Input data ▸
━━━━━━━━━━━━━━━━

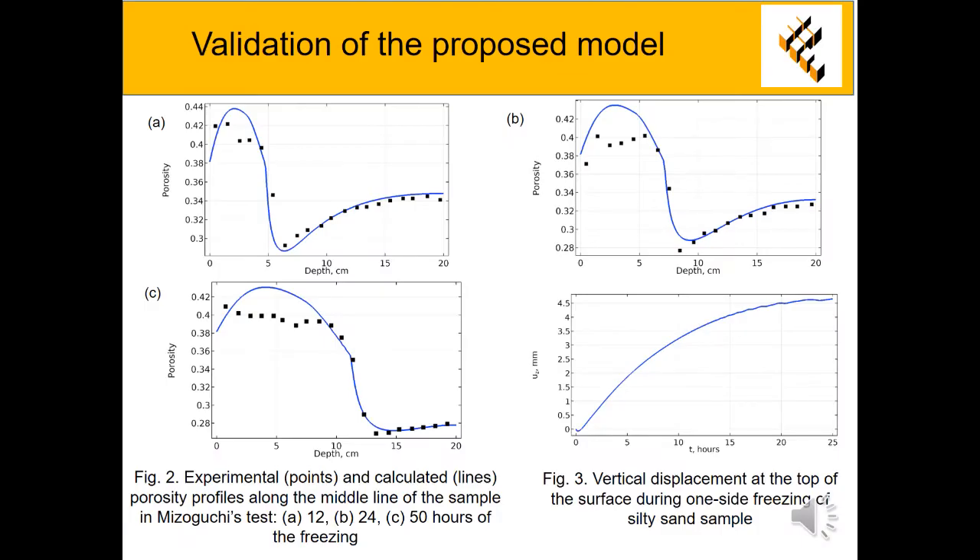The model was validated by two laboratory tests. The first one is Mizuguchi's test, in which evolution of equivalent water content in sandy loam samples was measured during freezing in a closed system. The second test is one-sided freezing of silty sand samples in an open system to measure frost heave displacement.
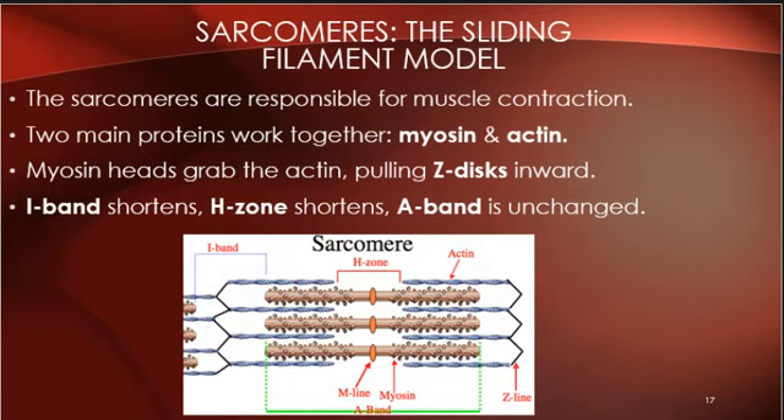The myosin and actin don't actually get any smaller themselves — they just slide past each other, making the whole sarcomere shorter. It's like sliding doors: you're not making the doors smaller, you're sliding one across the other. That's why it's called the sliding filament model. The I-band and H-zone shorten, but the A-band — where the myosin is — does not get any shorter.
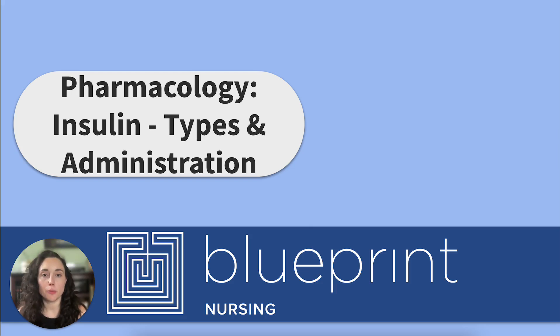Hey friends, welcome back to the Blueprint Nursing YouTube channel. My name is Nicole, and today we're going to talk about insulin administration. We've got a lot to cover, so let's get to it.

━━━━━━━━━━━━━━━━

Instructions to follow ▸
Word for word, restate all of the material, omitting the images.

Result of the exercise ▸
The model was validated by two laboratory tests. The first one is Mizuguchi's test, in which evolution of equivalent water content in sandy loam samples was measured during freezing in a closed system. The second test is one-sided freezing of silty sand samples in an open system to measure frost heave displacement.
The myosin and actin don't actually get any smaller themselves — they just slide past each other, making the whole sarcomere shorter. It's like sliding doors: you're not making the doors smaller, you're sliding one across the other. That's why it's called the sliding filament model. The I-band and H-zone shorten, but the A-band — where the myosin is — does not get any shorter.
Hey friends, welcome back to the Blueprint Nursing YouTube channel. My name is Nicole, and today we're going to talk about insulin administration. We've got a lot to cover, so let's get to it.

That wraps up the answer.